Initial excursions are confusing and brutal. There’s tons to learn to make the required mental adjustment, and the game refuses to ease you in or fully explain its systems. The fundamental hurdle is the amount of visual information that has to be parsed at speed, as your eyes flit constantly between your cards, the enemy’s position, and their rapid, scything attacks.

With no forewarning of what you’re up against, and no pauses in the action once it starts, it’s essential to memorise how each card works and recognise it from its representative icon. Each costs mana, which takes precious seconds to recharge, and it’s easy to make mistakes when some icons look alike, or cards have status effects that slip the mind in the heat of battle.

Some battles feature hostages that will grant bonus health or money.

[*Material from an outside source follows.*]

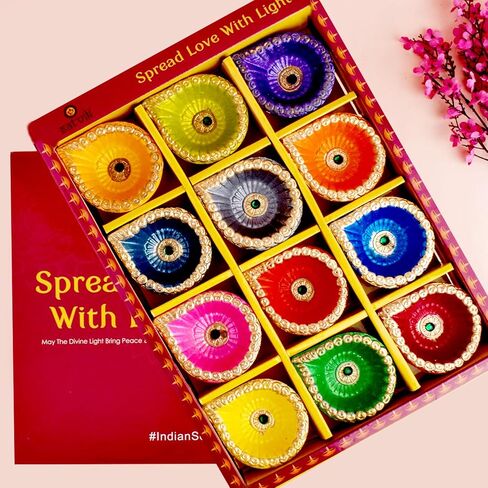 SATVIK 12 Pc Multicolor Clay Diya Terracotta Dia Traditional Puja Vilakku Oil Lamp Natural Mitti Diya Tea Light Welcome Diwali Deepawali Navratri Pooja Décorations Indian Housewarming Return Gift Item in Saudi Arabia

If you can keep them alive.

Eventually, however, having slowly absorbed an encyclopaedia of knowledge about every card and enemy through repeated painful experience, it flows. As thought processes melt into automatic responses, you steal glances at your deck and calculate moves while dancing patterns of defensive manoeuvres.

With some progress, you begin to unlock alternative characters and loadouts, and the different play styles they offer can really change your approach. Some cards you’ve been ignoring since the start suddenly make sense, and you can customise which types are most likely to turn up in random drops, to partially direct the development of each run. What once seemed an excess of information morphs into a toy-box of potentials.

In other words, One Step From Eden is a very good roguelike, with the variety, synergies, and unpredictability all that entails. And when your brain tunes in to its conflicting currents, it’s highly rewarding. Still, it remains difficult, in part because some late-game enemy combinations are almost impossible to survive unscathed, but mostly down to the relentless intensity of its multitasking demands.

No matter how much you learn to cope, you sometimes just need a second to think. When a game based on improvised tactics denies you that, it takes one step too far.

Highlight

The bosses can be a nightmare, but they’re finely crafted, and their varied combat styles fill them with personality. In a neat twist, the order they appear is randomised, with more complex attack patterns added the later you meet them, causing fresh headaches even after you’ve mastered their basic forms.

Verdict: 72%

A breathless action roguelike that demands but also rewards skill and patience.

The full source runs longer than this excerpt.